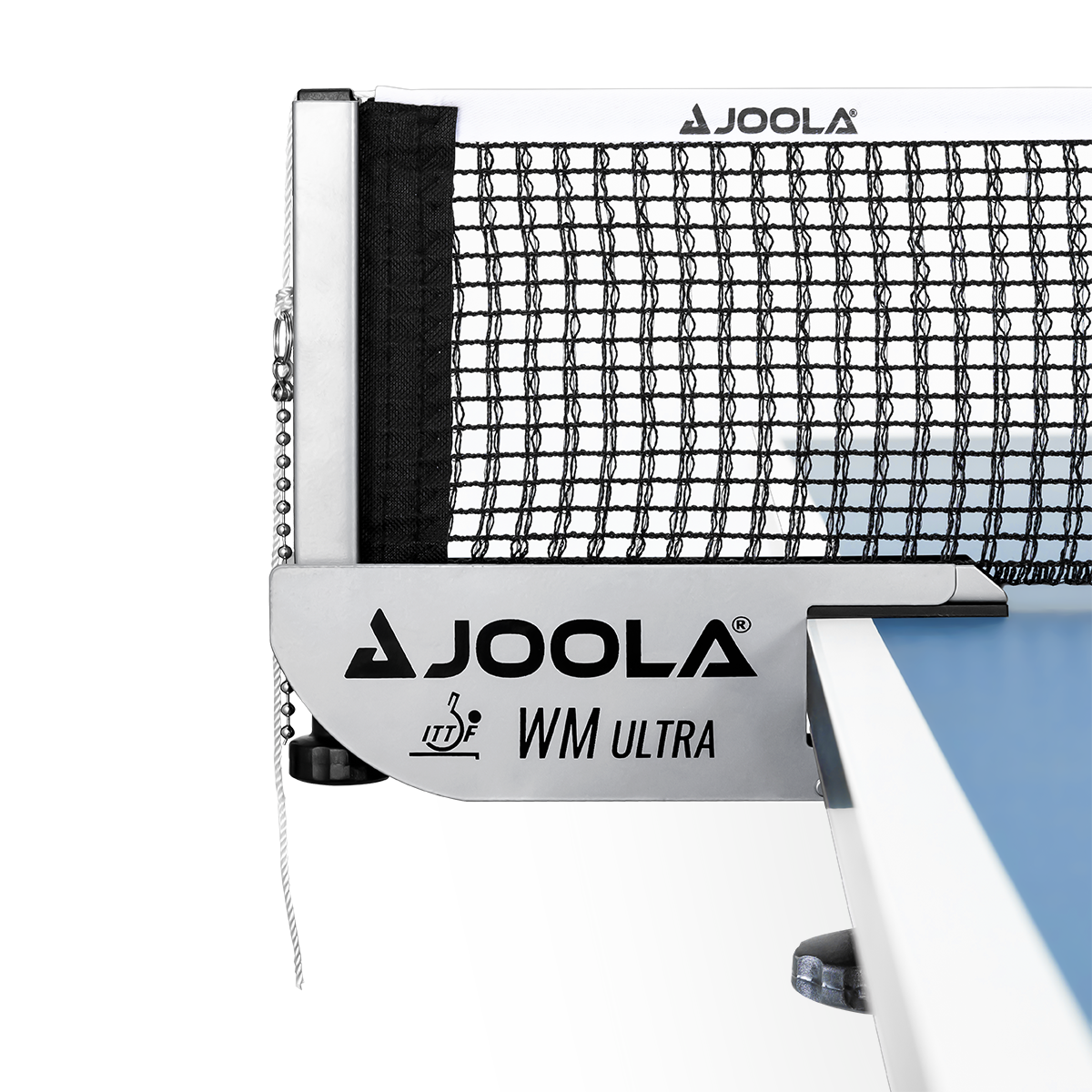 Tischtennisnetz mit Klemme und Zugseil, Marke JOOLA WM Ultra, an blauem Tischtennistisch befestigt.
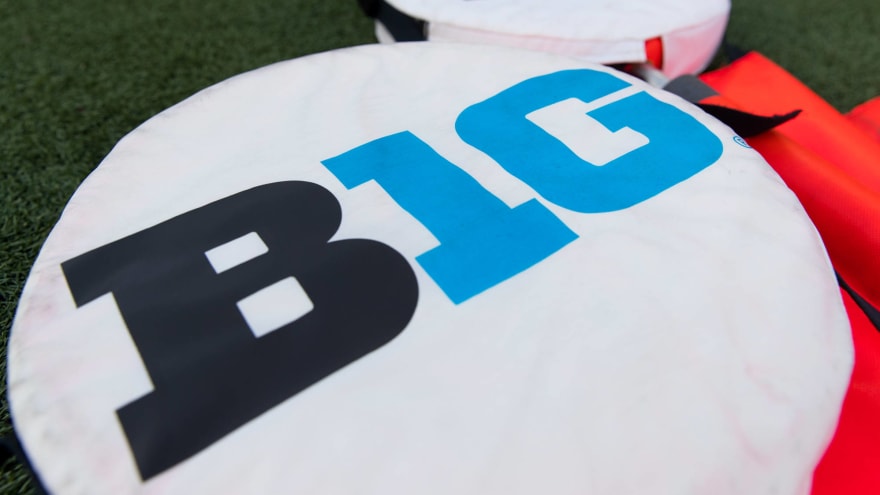Big Ten Now Considering Thanksgiving Weekend Start To College Football Season Yardbarker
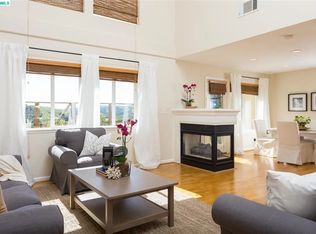 20400 Summercrest Dr, Castro Valley, CA 94552
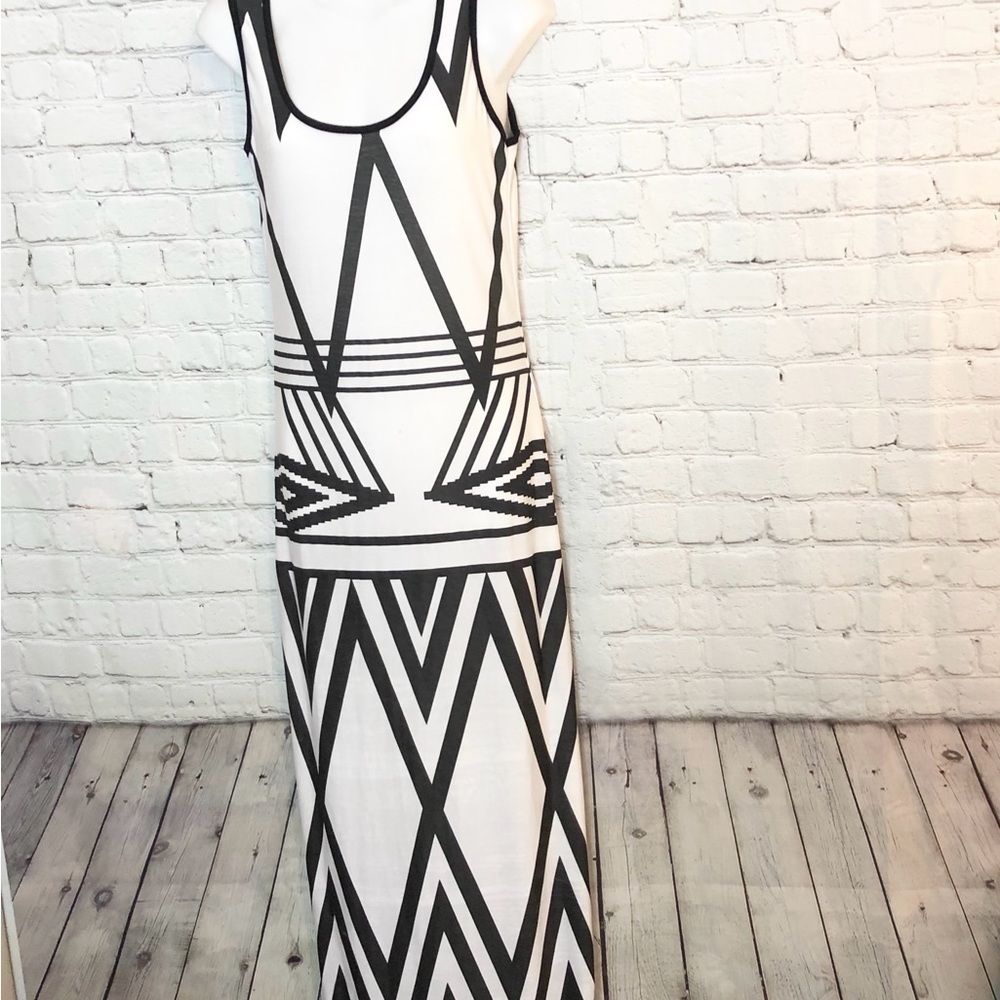 Black and White Sleeveless Geo Print Max Dress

────────────────

▶ [WHAT THE TASK REQUIRES]
Please transcribe each line above exactly, but leave the images out.

▶ [EXERCISE ANSWER]
 Tischtennisnetz mit Klemme und Zugseil, Marke JOOLA WM Ultra, an blauem Tischtennistisch befestigt.
Big Ten Now Considering Thanksgiving Weekend Start To College Football Season Yardbarker
 20400 Summercrest Dr, Castro Valley, CA 94552
 Black and White Sleeveless Geo Print Max Dress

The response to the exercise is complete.